Music’s sounding pretty That ‘80s Show these days, and who can blame it? In a culture better at amassing information than knowing how it feels about it, Radiohead’s overwhelmed ambivalence is about the only new emotion music can come up with, and that ain’t much fun. So acts still looking to show us a good time reach back to the spiky innocence and irony-free earnestness of that ’80s sound—which makes sense now that we’ve got an ’80s-style recession to deal with. Dance producers from Daft Punk to Felix Da Housecat to Luke Slater record straight-up new wave records, while neo-electro bands like Adult. and Soviet justify their Members Only jackets and skinny ties by inviting/relying on O.M.D. and Flying Lizards comparisons.

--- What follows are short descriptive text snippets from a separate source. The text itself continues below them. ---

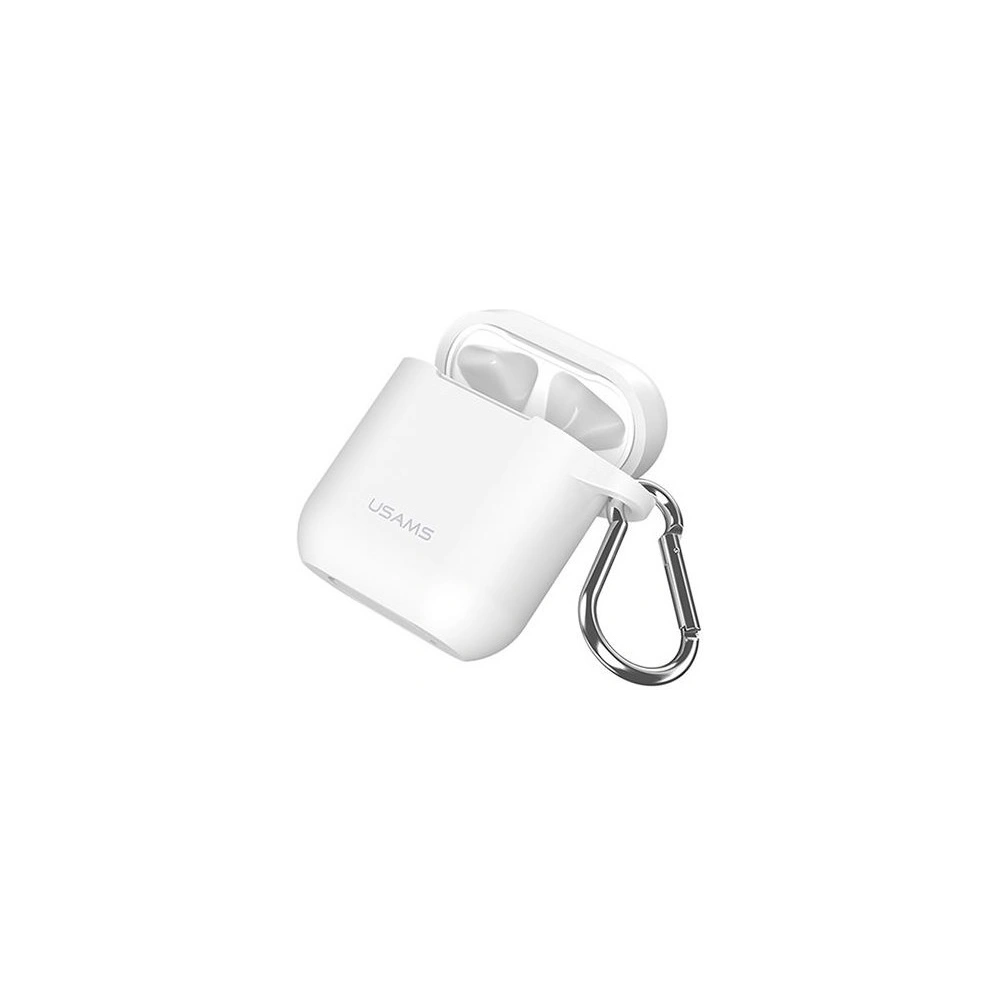 Hurtownia GSM - Etui USAMS US-BH423 Silicon Apple AirPods bílý/white - USA922 - {ean13} - Hurt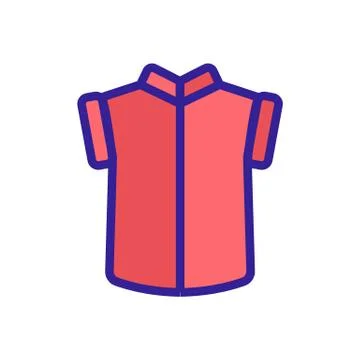 Warm jacket icon vector. Isolated contour symbol illustration Stock Illustration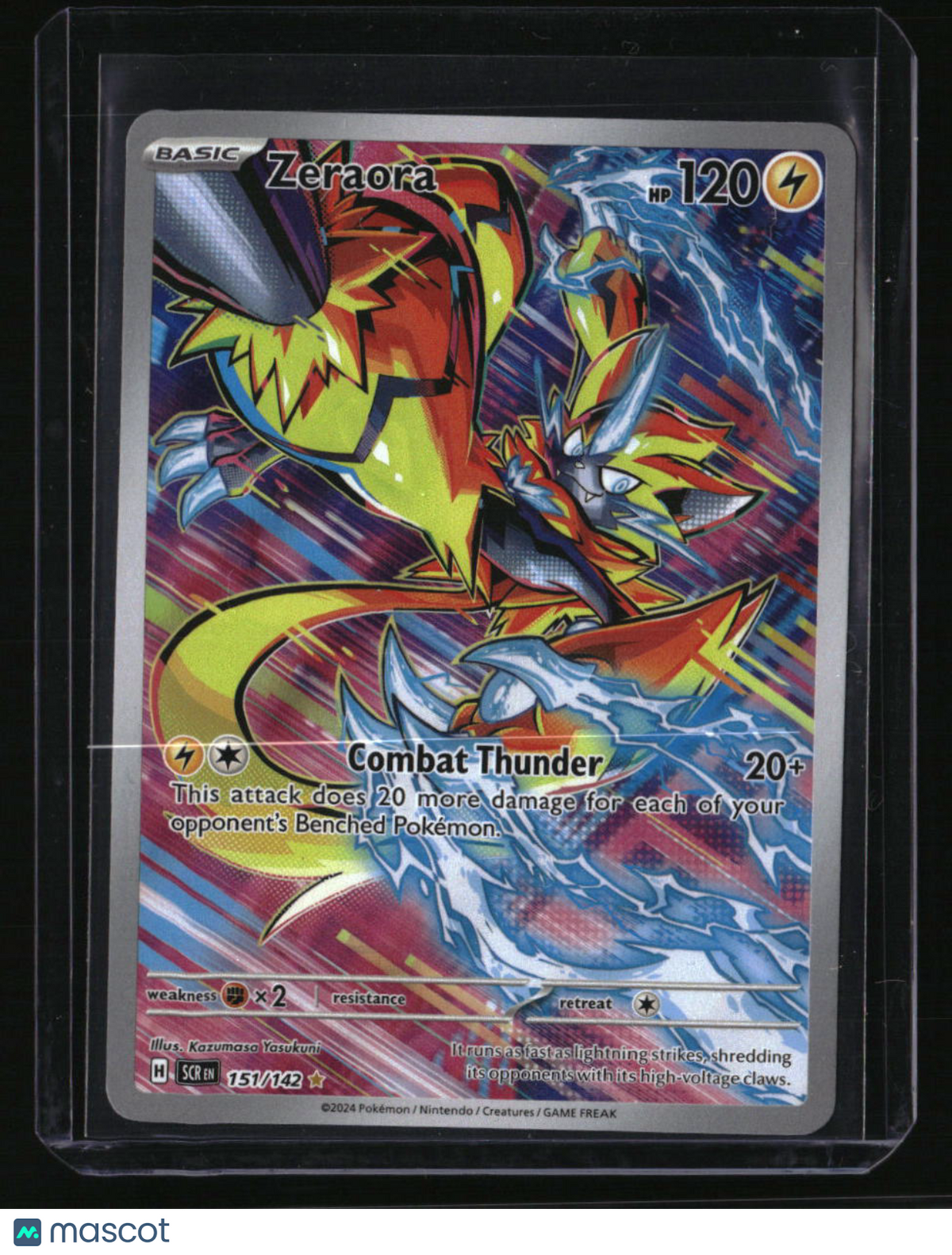 SV07: Stellar Crown Zeraora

But only Kenna taps into just why we need to play dress-up with ’80s kitsch in the first place: We’re fucked, but at least we know where we stand. On New Sacred Cow, the Ethiopian-born, Cleveland-bred, Virginia Beach-based brother from another record collection writes songs about running away even though there’s nowhere to go. He soars on wings of Kajagoo-gooey synth-pop and Joshua Tree pomp, but he’s really singing the heart-on-your-sleeve, straight-queen blues of Soft Cell or This Mortal Coil. He’s a “Man Fading,” “Vexed and Glorious,” waging a “War in Me,” struggling with a “Love Hate Sensation” with full-lunged, slightly bruised choruses.

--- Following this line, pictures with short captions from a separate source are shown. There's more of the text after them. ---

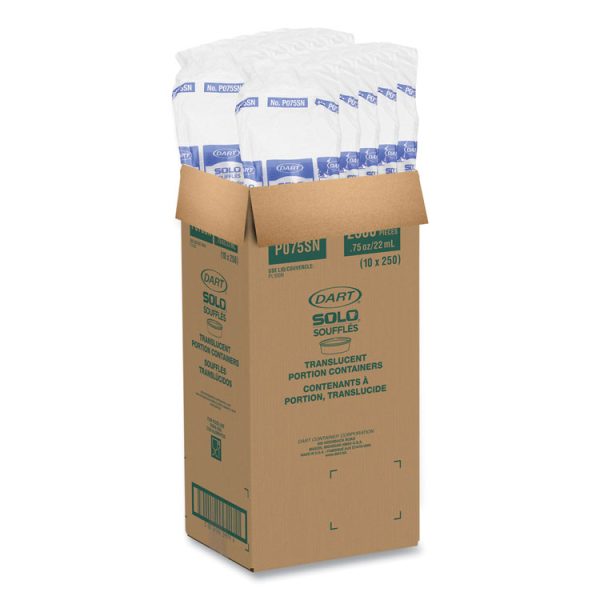 Polystyrene Portion Cups, 0.75 oz, Translucent, 2,500/Carton - Image 6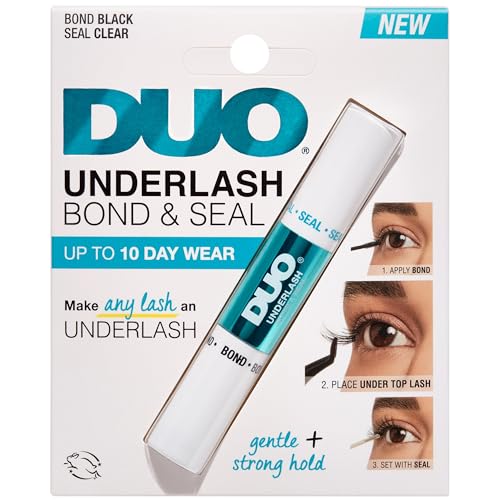 Duo Underlash Bond & Seal Lash Glue Strong Hold Striplash Adhesive Glue for Secure All-Day Lash Wear Fast-Drying Waterproof Gentle on Skin 5 g (Pack of 1)
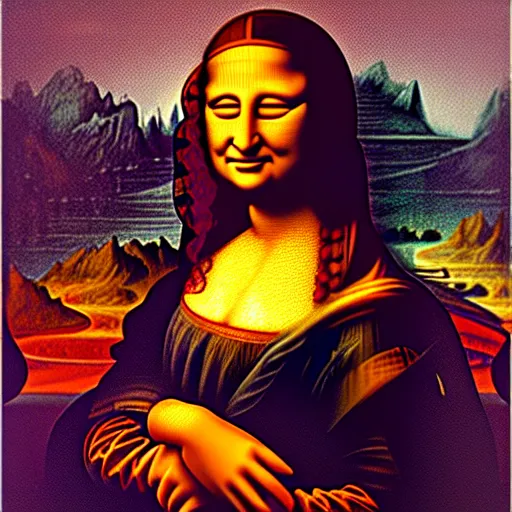 Image similar to mona lisa in the style of zdzisław beksinski, matte painting, 4 k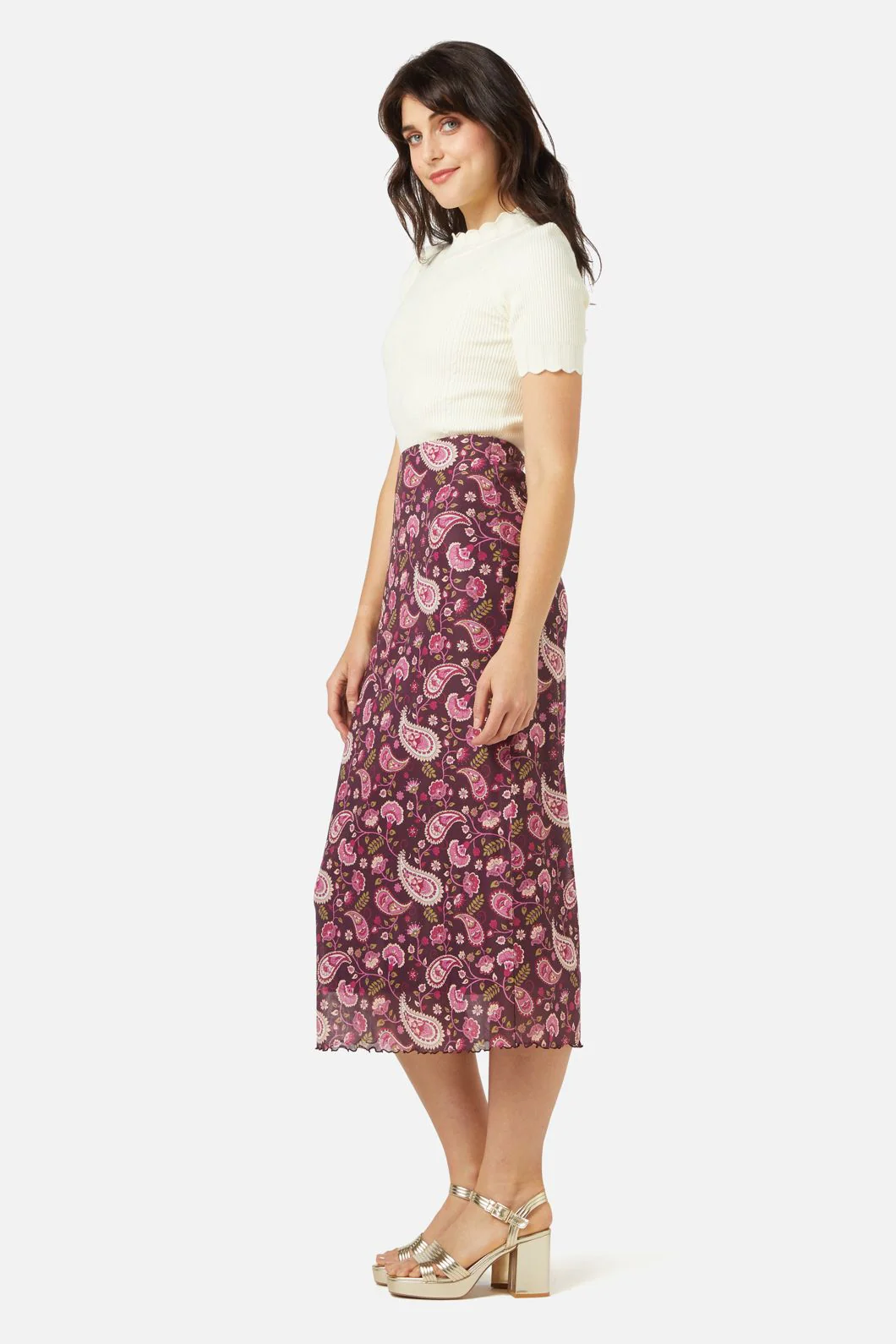 Paisley Mesh Skirt - Image 4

There’s a groundedness to New Sacred Cow, partly thanks to the lo-fi, beat-savvy production of Chad Hugo of the skater-bling Neptunes. But more poignantly, it’s because Kenna taps into that most ’80s feeling of all, the vulnerability that prompts the music to take solace in cushy escapist choruses. “Freetime” turns ennui into an embarrassingly good sing-along in three acts: “I need the freetime . . . to get away . . . from you-hoo-hoo/I need to run away . . . tonight,” Kenna sings over a herky-jerky Tones on Tail beat. “Run, run, run . . . where do you go to be free?” It’s up there with the best candy-colored ’80s blues: Altered Images’ “I Could Be Happy” (“run away . . . “), even A Flock of Seagulls’ “I Ran” (“I ran so far away . . . “). It’s the rush of escape, see, not necessarily the destination, that passes for resolution.